Reputation: 23
I'm using free-list structure for a while implemented as the sort of stack:
// gets the next free index from the top
unsigned acquire()
{
std::lock_guard lock{m_spin};
if (m_nextFreeHandle < m_size)
{
return std::exchange(m_nextFreeHandle, m_nextHandles[m_nextFreeHandle]);
}
return InvalidHandle;
}
void release(unsigned handle) // returns the index to the list
{
std::lock_guard lock{m_spin};
m_nextHandles[handle] = std::exchange(m_nextFreeHandle, handle);
}
Thread safety guaranteed by using simple spinlock:
void SpinLock::lock() noexcept
{
while (flag_.test_and_set(std::memory_order_acquire))
{
while (flag_.test(std::memory_order_relaxed))
std::this_thread::yield();
}
}
void SpinLock::unlock() noexcept
{
flag_.clear(std::memory_order_release);
}
I decided to try rework it with lock-free approach:
static constexpr unsigned extractMark(unsigned value) noexcept
{
return value >> 22;
}
static constexpr unsigned addMark(unsigned value, unsigned tag) noexcept
{
return value | (tag << 22);
}
static constexpr unsigned clearMark(unsigned value) noexcept
{
return value & (0xFFFFFFFFu >> 10);
}
unsigned acquire()
{
auto nextIndex = m_nextFreeHandle.load(std::memory_order_acquire);
if(clearMark(nextIndex)< m_size)
{
unsigned newNextIndex;
do
{
newNextIndex = m_nextHandles[clearMark(nextIndex)].load(std::memory_order_relaxed);
} while (!m_nextFreeHandle.compare_exchange_weak(nextIndex, newNextIndex, std::memory_order_release, std::memory_order_acquire));
auto mark = extractMark(nextIndex);
nextIndex = addMark(clearMark(nextIndex), mark + 1); // to avoid ABA problem
return nextIndex;
}
return InvalidIndex;
}
void release(unsigned handle)
{
if(handle == InvalidIndex)
return;
auto currentHead = m_nextFreeHandle.load(std::memory_order_relaxed);
do
{
m_nextHandles[clearMark(handle)].store(currentHead, std::memory_order_relaxed);
}
while (!m_nextFreeHandle.compare_exchange_weak(currentHead, handle, std::memory_order_release, std::memory_order_relaxed));
}
Then I wrote simple test (single and multithreaded)
tbb::parallel_for(0, 10'000'000, [&](int) {
auto h0 = list.acquire();
list.release(h0);
});
and both times (single and multithreaded) lock free version is much slower than spinlock one!
I'd expect the lock free version to be at least as fast as spinlock, but it's like 1.5x times slower both for one and for 12 threads (I'm using Intel Core i5 11th gen with 6 cores and HT).
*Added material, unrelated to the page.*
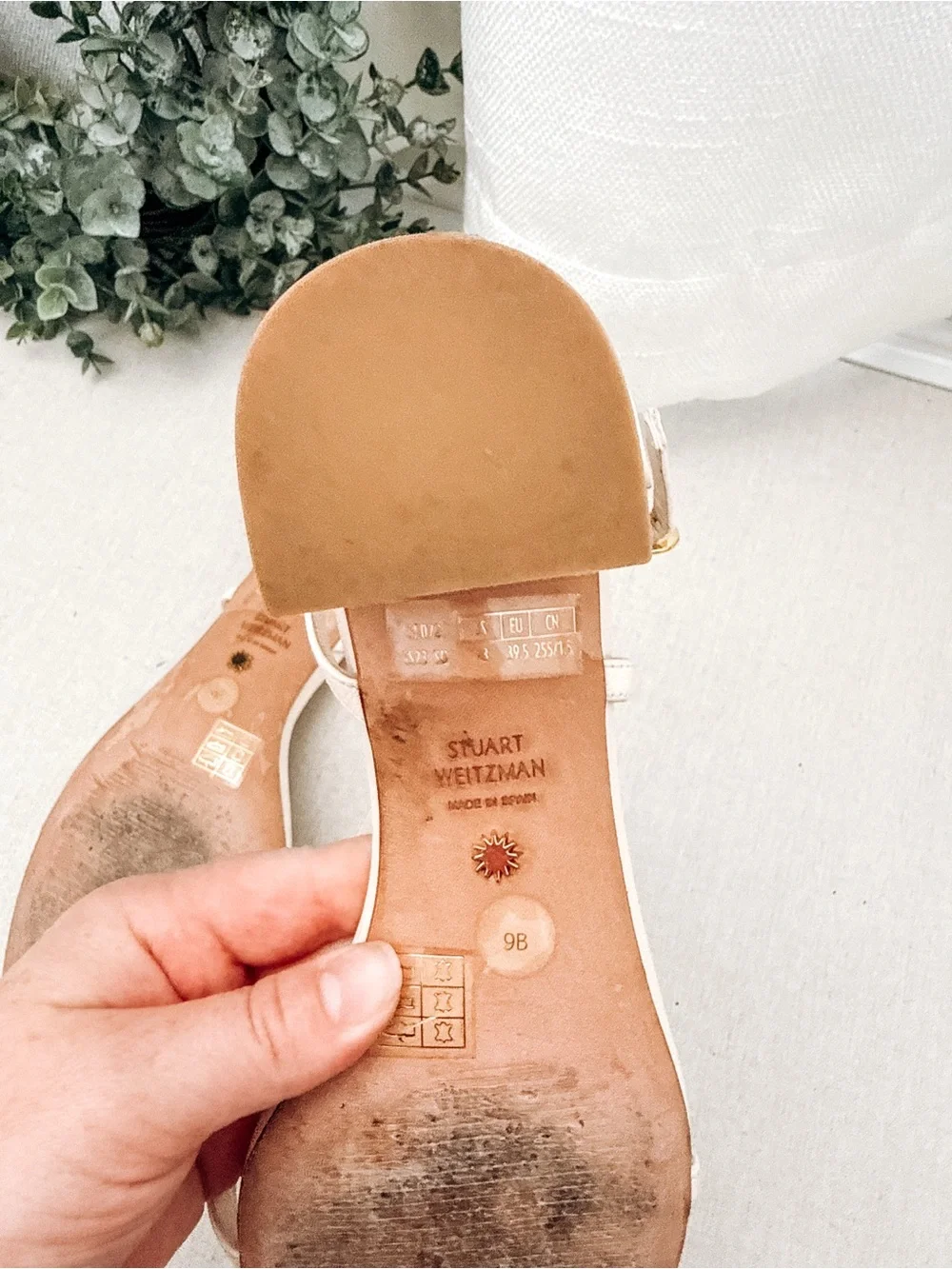 Stuart Weitzman Cream Leather Ankle Strap Block Heel Sandals 9B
It's my first experience in writing lock free structures and I'm confused. What I'm doing wrong? Am I expect too much from the lock-free approach or doing something not optimal way?
Upvotes: 1
Views: 222
Reputation: 41522
Lock-free algorithms are NOT guaranteed to be faster than lock-based algorithms. In highly-contended situations, they can easily be slower.
Since your code consists almost entirely of atomic reads, writes, and CASs, there's going to be a ton of work spent on ensuring cache coherence between the cores, transferring data and adjusting cache line states. No core will get to "own" m_nextFreeHandle
for more than a few cycles. This is the worst case for lock-free algorithms.
In contrast, your lock-based approach has the effect of slowing down those contentions. After the first thread grabs the lock, the other threads will fail to acquire the lock a couple of times and then yield. Yielding involves a context switch, which will take many cycles to complete. Meanwhile, the first thread is actually getting work done, with an uncontended spinlock and an uncontended m_nextFreeHandle
. Eventually it'll get sniped by some other core, and then it likewise will repeatedly yield while some other core gets work done.
In short, this is not a workload where having multiple cores is going to help, because all it involves is communicating between cores. Lock-free programming just makes that worse.
Upvotes: 1